When we look closely at the **urls**, we can see that both the *urls* have the domain **https://www.amazon.in/** followed by the *search string*, then the *page number* and then again *page number* as shown below.
**Search string**: should be entered as `a+b`, example **smart watch** can be written as **smart+watch**

Hence generic url is:

**https://www.amazon.in/s?k={}&page={}&qid=1637435675&ref=sr_pg_{}**

## Constructing a function to scrap amazon data

In [13]:
def amazon_scrap(keyword , page):
    keyword1 = keyword.replace(' ' , '+')
    
    # generic website url
    job_url = 'https://www.amazon.in/s?k={}&page={}&qid=1637435675&ref=sr_pg_{}'
    
    # making empty lists to contains data
    names = []
    prices = []
    ratings = []
    no_ratings=[]
    product_imgs=[]
    
    # looping pages
    for i in range(1,page+1):
        
        # constructing url as per the input
        new_job_url = job_url.format(keyword1 , i , i)
        
        # Open chrome automatically
        driver = webdriver.Chrome(ChromeDriverManager().install())
        driver.get(new_job_url)
        soup = BeautifulSoup(driver.page_source , 'html.parser')
        
        # Looping over tiles of data
        for main in soup.findAll('div' , attrs = {'class' : 's-card-container s-overflow-hidden aok-relative puis-include-content-margin puis s-latency-cf-section s-card-border'}):
            # extracting name of product
            name = main.find('span' , attrs = {'class' : 'a-size-medium a-color-base a-text-normal'})
            # extracting price of product
            price = main.find('span' , attrs = {'class' : 'a-price-whole'})
            # extracting ratings of product
            rating = main.find('i' , attrs = {'class' : ['a-icon a-icon-star-small a-star-small-1-5 aok-align-bottom','a-icon a-icon-star-small a-star-small-5 aok-align-bottom','a-icon a-icon-star-small a-star-small-4 aok-align-bottom','a-icon a-icon-star-small a-star-small-4-5 aok-align-bottom','a-icon a-icon-star-small a-star-small-3-5 aok-align-bottom','a-icon a-icon-star-small a-star-small-3 aok-align-bottom']})
            # extracting number of ratings of product
            no_rating = main.find('span' , attrs = {'class' : 'a-size-base'})
            # extracting image of product
            img = main.find('div' , attrs = {'class' : 'a-section aok-relative s-image-fixed-height'})
            product_img = img.find_all('img' , src = True)
            # To extract image url we need to extract image src url.
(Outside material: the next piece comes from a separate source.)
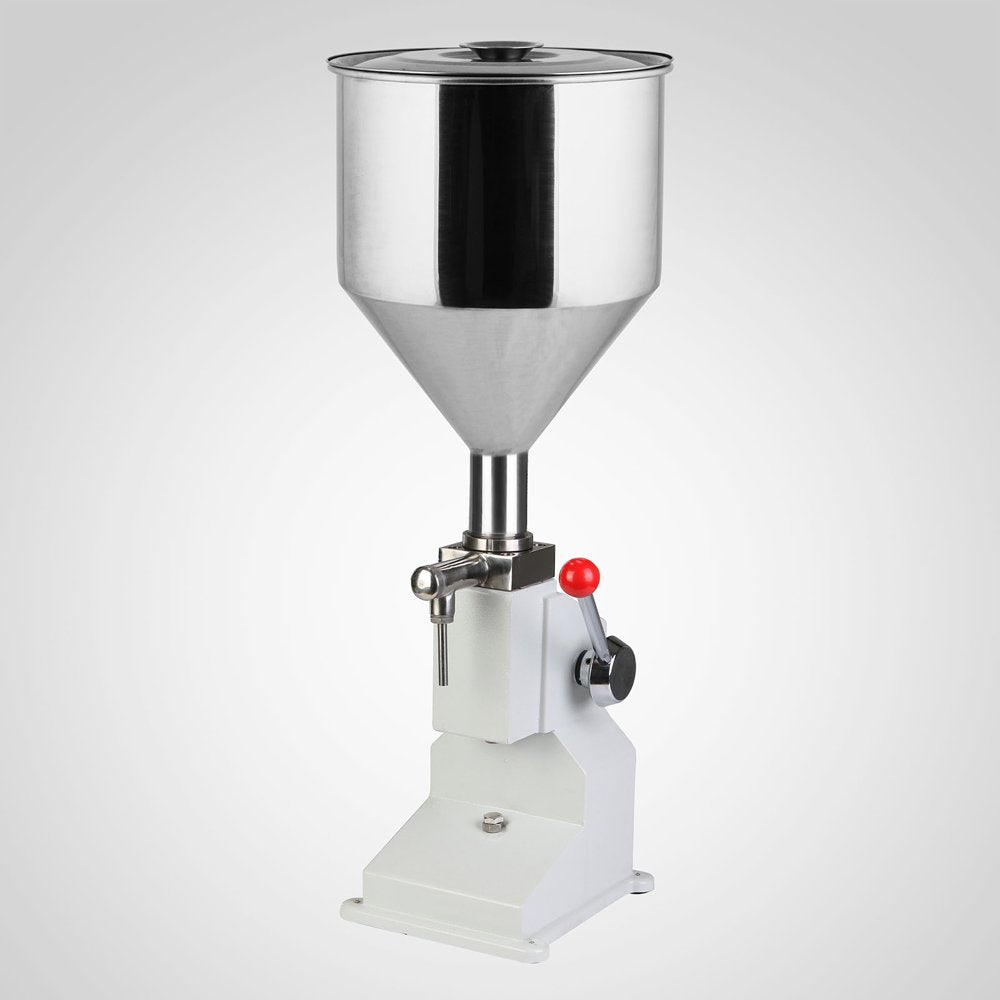 A03 Liquid Filling Machine, Bottle Filler 5-50Ml, Manual Liquid Filling Machine Stainless Steel, Bottle Filling Machine for Paste Cream Cosmetic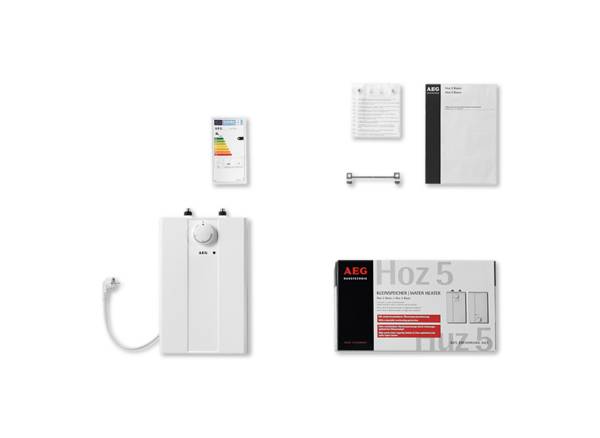 AEG POWER SOLUTIONS - AEG Huz 5 Basis, Tank (Wasserspeicher), Senkrecht, 2000 W, 5 l, Indoor, Weiß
So its under tag 'div' and class 'a-section aok-relative s-image-fixed-height'
            # Add with tag 'img' hence we make src True as we need to src text/url.
            
            # Loading data into lists
            if name is not None:
                names.append(name.getText())
            else:
                names.append('Not Found')

            if price is not None:
                prices.append(price.getText())
            else:
                prices.append('Not Found')

            if rating is not None:
                ratings.append(rating.getText())
            else:
                ratings.append('Not Found')

            if no_rating is not None:
                no_ratings.append(no_rating.getText())
            else:
                no_ratings.append('Not Found')

            if product_img is not None:
                product_imgs.append(product_img[0]['src'])
            else:
                product_imgs.append('Not Found')

    # Making a dictionary to merge all the lists
    data = {
        'Name':names,
        'Price':prices,
        'Ratings':ratings,
        'Number of Ratings':no_ratings,
        "Product's Image":product_imgs
    }
    
    # Converting dictionary to DataFrame
    df = pd.DataFrame(data)
    
    
    # converting DataFrame into csv file
    df.to_csv('{}+{}+pages-scraped-data.csv'.format(keyword1,page) , index=False)
    
    print('Data has been scrapped successfully!')

In [14]:
amazon_scrap('smart tv' , 1)

  driver = webdriver.Chrome(ChromeDriverManager().install())


Data has been scrapped successfully!